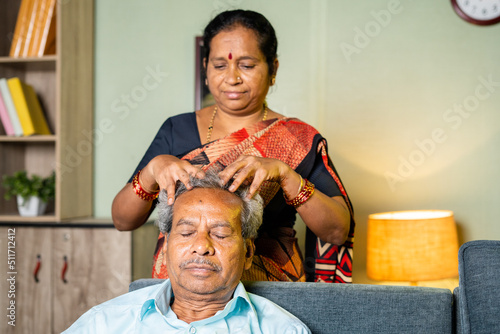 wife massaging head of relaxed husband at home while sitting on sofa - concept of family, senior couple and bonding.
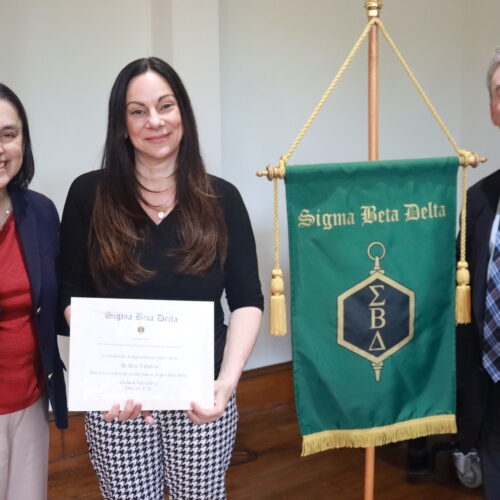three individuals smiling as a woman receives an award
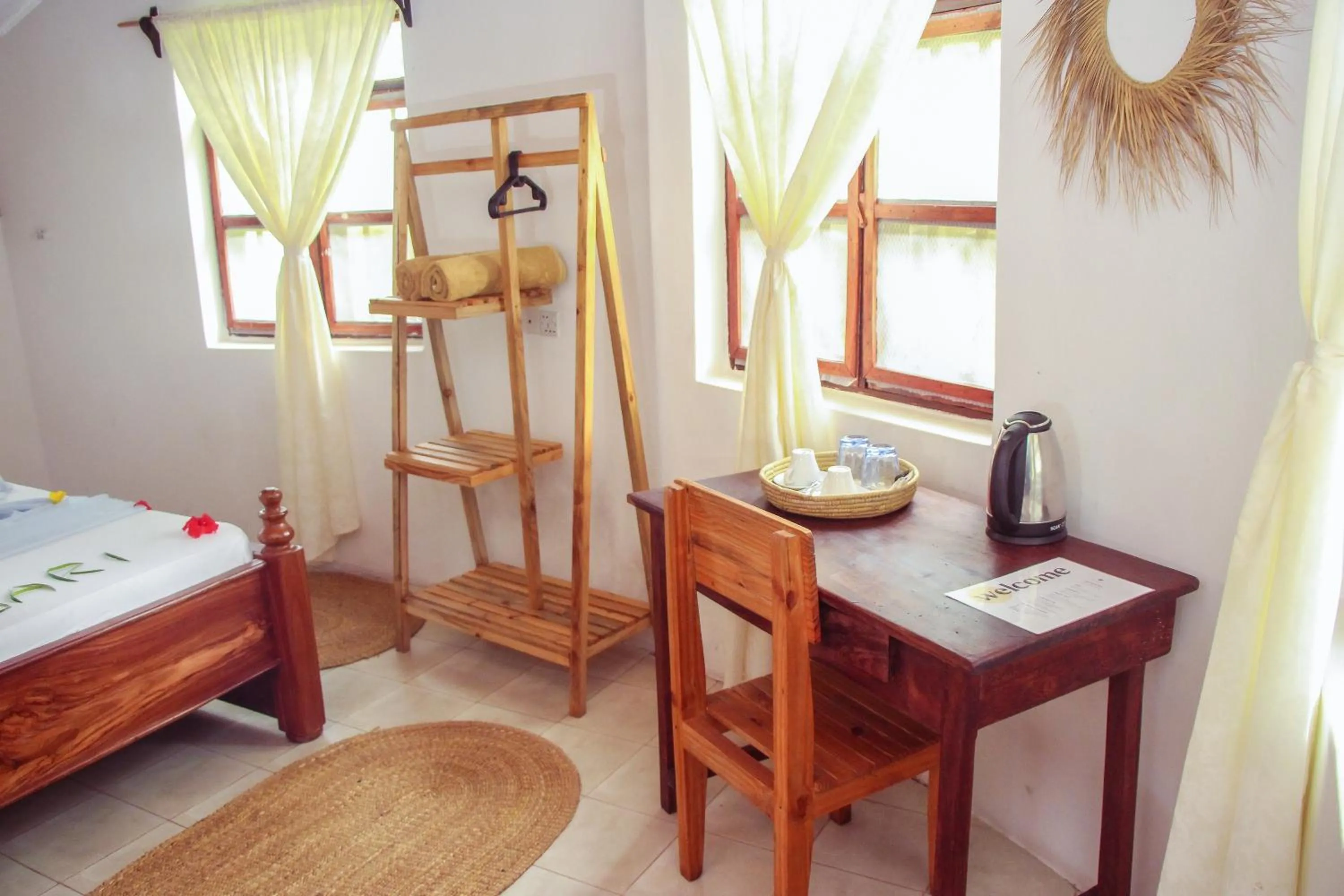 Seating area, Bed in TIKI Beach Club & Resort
^^^^^^^^
# Task objective:
Since pictures are not part of the copy, set down only the remaining data exactly.

# Exercise result:
 wife massaging head of relaxed husband at home while sitting on sofa - concept of family, senior couple and bonding.
three individuals smiling as a woman receives an award
 Seating area, Bed in TIKI Beach Club & Resort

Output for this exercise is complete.